Christian agenda = Teaching kids "God exists"
Atheist agenda = Teaching kids "God does not exist"
Neutral agenda = Teaching kids "All the words except GOD"
The "atheist agenda," which really should be called the secularist agenda, since there is room for Christians who also support church-state separation, is to get to where the Australians, for example, are now, and quit having to think about religion at all.
Atheists, or more properly, anti-theists, push back at creeping theocracy where necessary, and are thereafter pretty indifferent about religion, which is why the American atheist's experience is so different from the Australian atheist's experience. From what I read from the Australians, the Australian church has little impact on anybody that doesn't want it to.
American atheists have to deal with an organized, politicized form of Christianity that would remove their rights to same sex marriage and abortion if could, and impose religious values on the nation using the force of government to carryout the will of the church.
Heaven forbid that someone might suggest the possibility that there is a God.
In public schools? That is where the mention of God from the Christian perspective is pretty much off limits.
I would suggest that the parents of children that want them raised Christian would be very unhappy if that discussion were permitted in the public schools. There are far too many teachers that would teach critical thinking rather than what is being called brainwashing in this thread (I'd say that indoctrination is a better term, brainwashing implying more severe forms of indoctrination such as Stockholm Syndrome, cultish behavior like the Branch Davidians, Manchurian Candidate scenarios, and the like).

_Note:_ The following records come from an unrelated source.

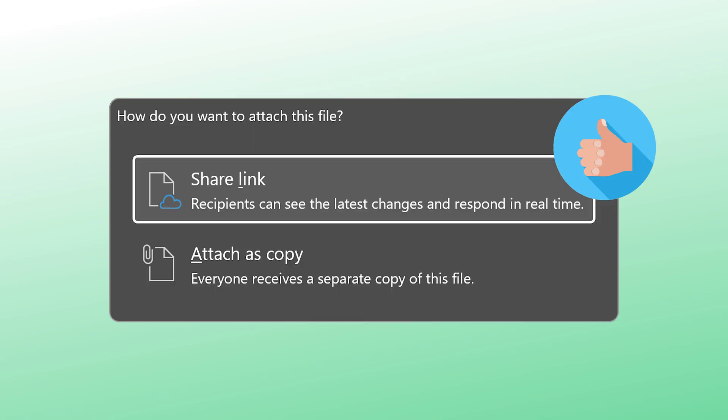Now I'm sure you are more confident about sharing files as links instead of attachments. Before you go, have a look at these two popular videos about OneDrive best practices. So that's it for now. See you next time. Take care.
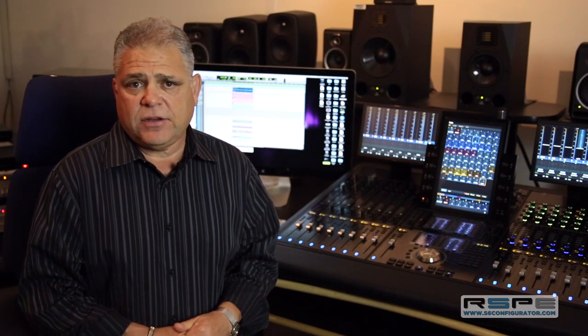Hopefully this gives you a little bit more clarity about VCA groups and edit groups. This is Gary Lux on behalf of RSPE and Avid, making things easier for you on your new S6.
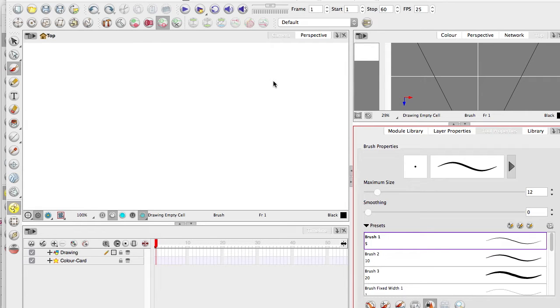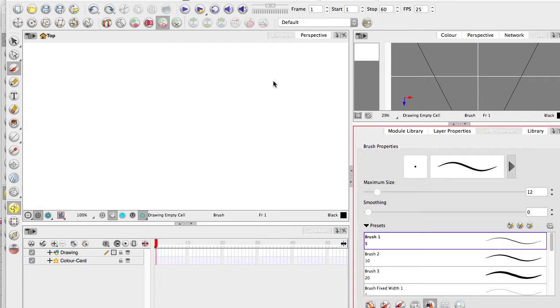Hello everyone, welcome to Onion Skin and this is just a quick thing for people using Toon Boom Animate and above of what is probably my favourite feature in the entire Toon Boom setup.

If I were your child's teacher, when we got to discussing God, I would introduce her to rational skepticism, or the idea to not believe without sufficient cause. We would also discuss what faith is, and how it varies from reason.
Then I would ask what her reasons for believing in God were, and examine if they were sufficient. I wouldn't say that there are no gods, just to examine why she believes or doesn't believe in them.
This is the essential difference between indoctrination and teaching academic style. With the latter, the teacher doesn't really care what you believe, just what you have ;learned, even if you don't believe it. In a class on evolution, nobody is going to ask you if you believe the theory, just whether you can recite its principles, how it came to exist, and what evidence supports it, and the like.
In Sunday school, evidence isn't offered, just conclusions to be accepted on faith and authority, repeated until the child repeats them back, with great interest in whether these ideas are believed or not, the purpose of indoctrination being to make them be believed.
I would likely also teach her that.
You might be good with that. It might even be what you teach or taught your children as well.
But many parents would become incensed, and yank their children out of such schools to put them in religious schools or home schooling.
We're past the days of the Scopes trial when every teacher except Scopes could be expected to indoctrinate children in religious belief, and he could be stopped for not complying. Today's public school teachers are different.